Kunst in den annektierten Ländern

Durch die Expansion wurde die deutsche Kunstpolitik in annektierten oder besetzten Ländern wie Österreich, den Niederlanden und Norwegen kopiert.

 

Niederlande

In den Niederlanden wurde 1942 die Kultuurkamer (Kulturkammer) gegründet. Um an Ausstellungen teilnehmen zu können und Anspruch auf finanzielle staatliche Unterstützung zu haben, mussten sich Künstler:innen dort registrieren lassen. Dafür war ein „Arier“-Nachweis erforderlich. Ungefähr 90 Prozent der niederländischen Künstler:innen haben sich registriert. Die Kultuurkamer veröffentlichte die Kulturzeitschrift „De Schouw“, das niederländische Äquivalent der deutschen Zeitschrift „Die Kunst im Dritten Reich“. 1943 wurde ein bestehendes Gebäude im Amsterdamer Einkaufsviertel zum Nederlandsch Kunsthuis [Niederländisches Haus der Künste] umfunktioniert. Einer der ersten Künstler, der dort ausstellte, war Henri van de Velde, Mitglied der Niederländischen Nationalsozialistischen Partei (NSB). Darüber hinaus kauften die niederländischen Behörden während der deutschen Besatzung regelmäßig zeitgenössische Kunst, wie es auch in Deutschland der Fall war.

NS-Kunst nach 1945

Nach dem Krieg beschlagnahmten die Vereinigten Staaten jene Werke, die als Nazi-Propaganda bezeichnet wurden, etwa Porträts von Hitler, und transportierten sie 1946 über den Atlantik.

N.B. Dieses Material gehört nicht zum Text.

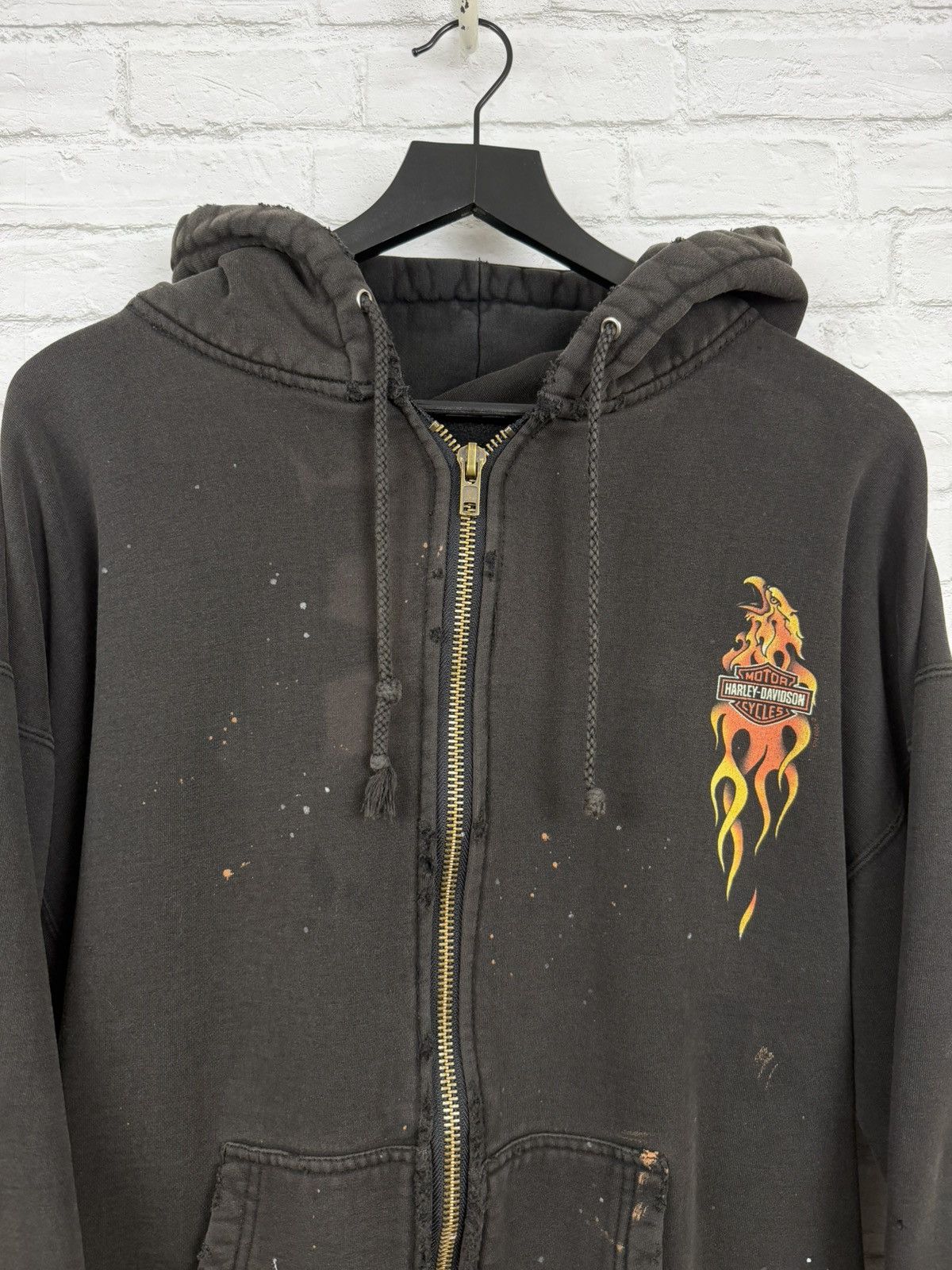Harley Davidson (XL) THRASHED OUT FLAMES Harley Davidson Zip Up Hoodie Size US XL / EU 56 / 4 - 5 Thumbnail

In den 1950er Jahren, insbesondere aber in den 1980er Jahren, wurde diese Sammlung mit Ausnahme von etwa 450 Kunstwerken an die Bundesrepublik Deutschland zurückgegeben. Diese Werke werden immer noch in den Tresoren des United States Army Center of Military History in Washington DC aufbewahrt. Die 8.000 zurückgegebenen Objekte werden heute vom Deutschen Historischen Museum in Berlin verwaltet, darunter viele Arbeiten auf Papier und Kleinskulpturen. Ein sehr kleiner Teil dieser Sammlung wird gelegentlich in Deutschland ausgestellt.

Ausstellungen in den letzten Jahren zur Nazi-Kunst.

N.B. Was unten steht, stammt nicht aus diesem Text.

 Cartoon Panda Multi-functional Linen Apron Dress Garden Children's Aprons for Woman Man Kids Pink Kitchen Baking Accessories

Trotz der geringen öffentlichen Wahrnehmung wächst das Interesse an der Auseinandersetzung mit der Kunst des Dritten Reiches.

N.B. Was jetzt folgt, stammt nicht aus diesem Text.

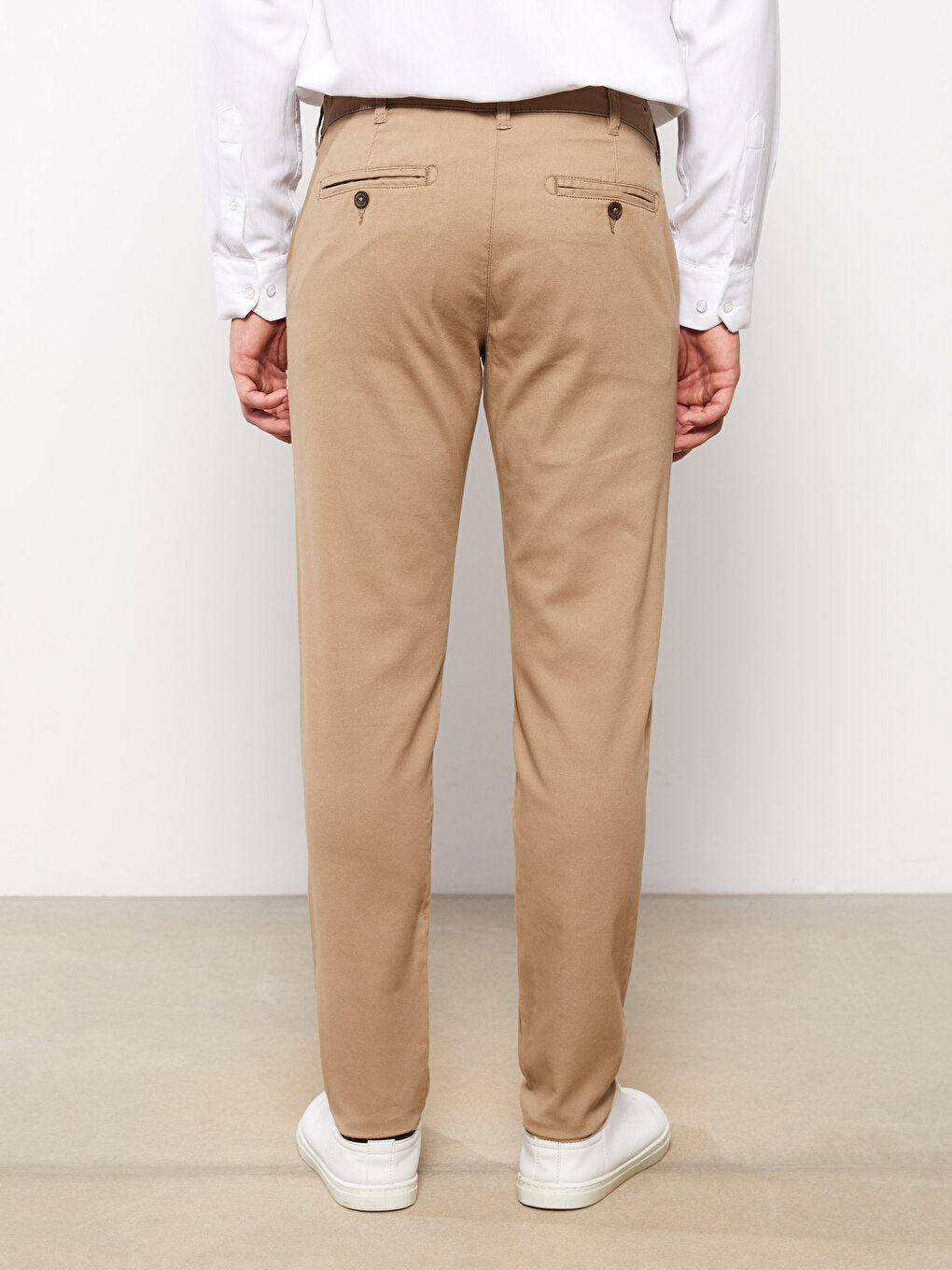 Extra Slim Fit Gabardine Men's Chino Trousers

  • 2017: „Artige Kunst“ in Museen in Bochum, Rostock und Regensburg
  • 2019: „Design des Dritten Reiches“ im Designmuseum in Den Bosch
  • 2021: Deutsches Historisches Museum die Aufmerksamkeit den oft erfolgreichen Karrieren der betroffenen Künstler nach dem Zweiten Weltkrieg.
  • 2020–2023: Die Pinakothek der Moderne in München zeigte das Triptychon „Die vier Elemente“ von Adolf Ziegler in der Dauerausstellung. Das Werk wurde für den Führerbau, Hitlers Empfangshalle in München, gemalt, wo es über dem Kamin hing.
  1. Im Vergleich dazu kostete im Jahr 1933 ein durchschnittliches Einfamilienhaus nach zeitgenössischen Statistiken zwischen 3.000 und 8.000 Reichsmark.
  2. Ab 1937 zierte die Göttin Pallas Athene auch das Cover der Zeitschrift „Die Kunst im Dritten Reich“, die bei dem parteieigenen „Eher“-Verlag erschien. Sie hatte eine Auflage von bis zu 50.000 Exemplaren.
  3. Diese Fotopostkarten wurden von Heinrich Hoffmann herausgegeben, der damit hohe Einnahmen erzielte.